» Action item:
Copy the lines running from the one that contains "2009 Honda Accord Ex" to the end of the entries below, exactly and with no pictures.

[Stored data entries]
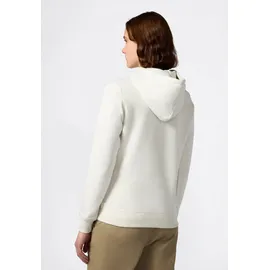 Champion ICONS TONAL Hoodie Weiß S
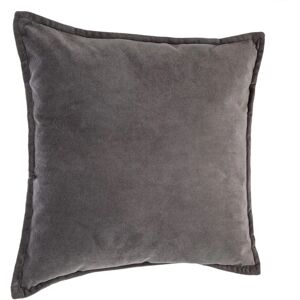 Atmosphera - 146200L - Coussin décoratif gris - Publicité Atmosphera - 146200L - Coussin décoratif gris - Publicité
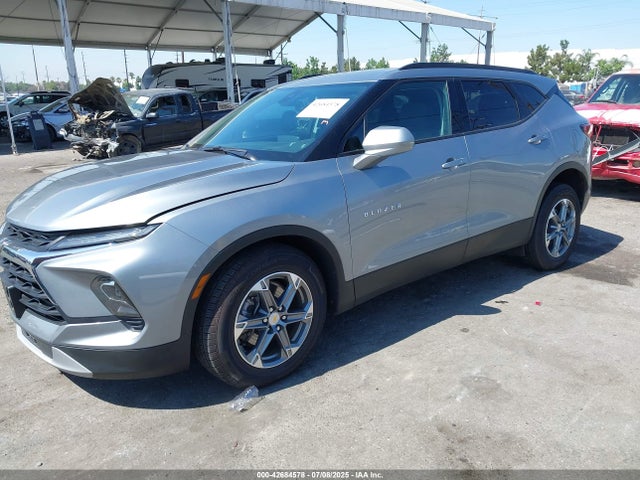 3GNKBCR45RS165727 Chevrolet lsy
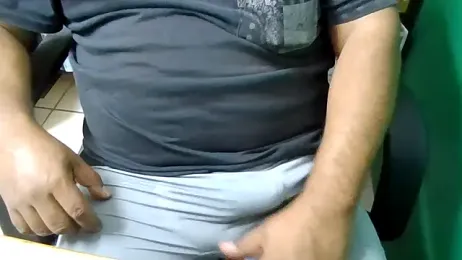 HomHot47 webcam stripchat model stream image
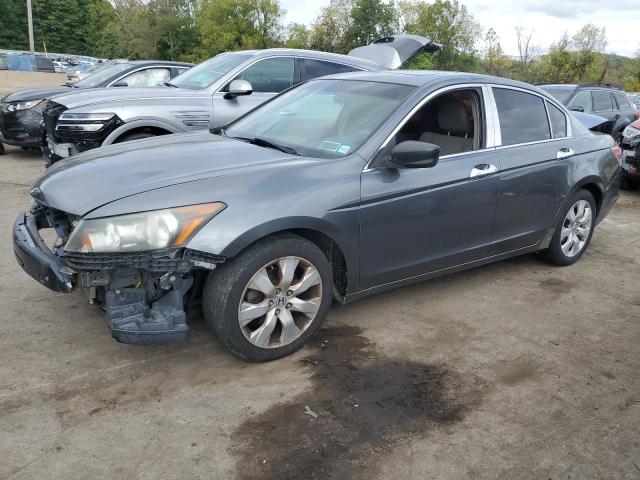 2009 Honda Accord Ex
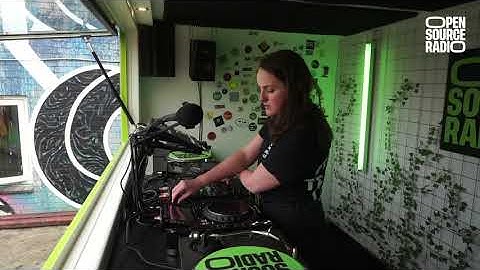 Open Source Radio | Locus Error | Blijf draaien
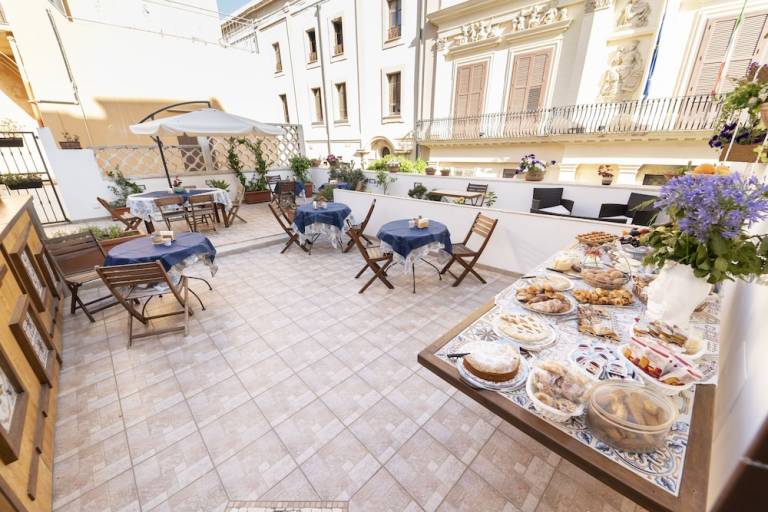 Bed & Breakfast Trapani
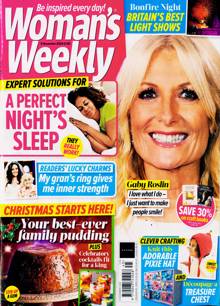Womans Weekly Magazine  Order Online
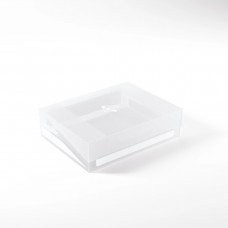 Gamegenic - Token Holder - Clear (GGS25098ML)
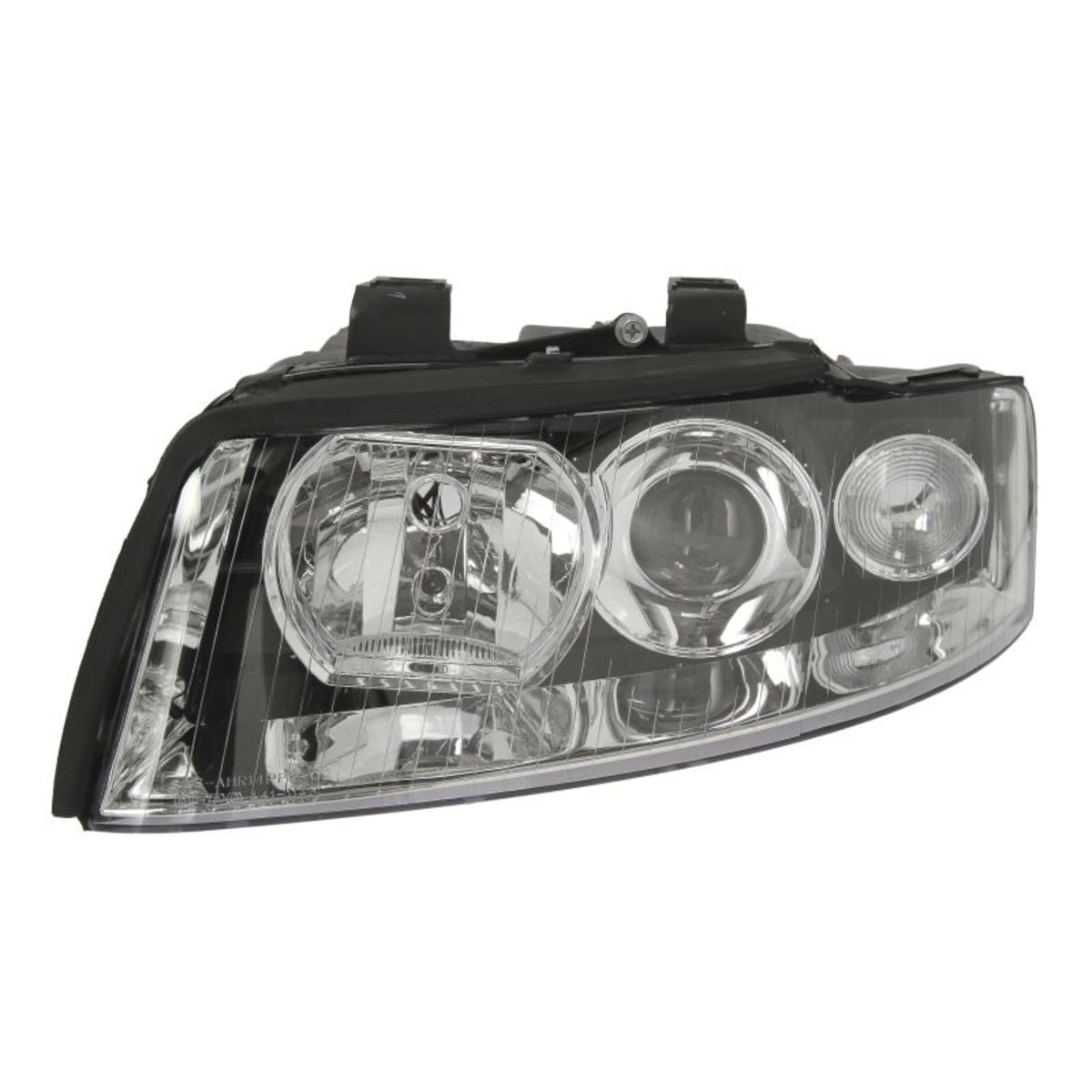 Depo Hauptscheinwerfer 441-1146L-Nd-Em, Links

» Task output:
 2009 Honda Accord Ex
 Open Source Radio | Locus Error | Blijf draaien
 Bed & Breakfast Trapani
Womans Weekly Magazine  Order Online
 Gamegenic - Token Holder - Clear (GGS25098ML)
 Depo Hauptscheinwerfer 441-1146L-Nd-Em, Links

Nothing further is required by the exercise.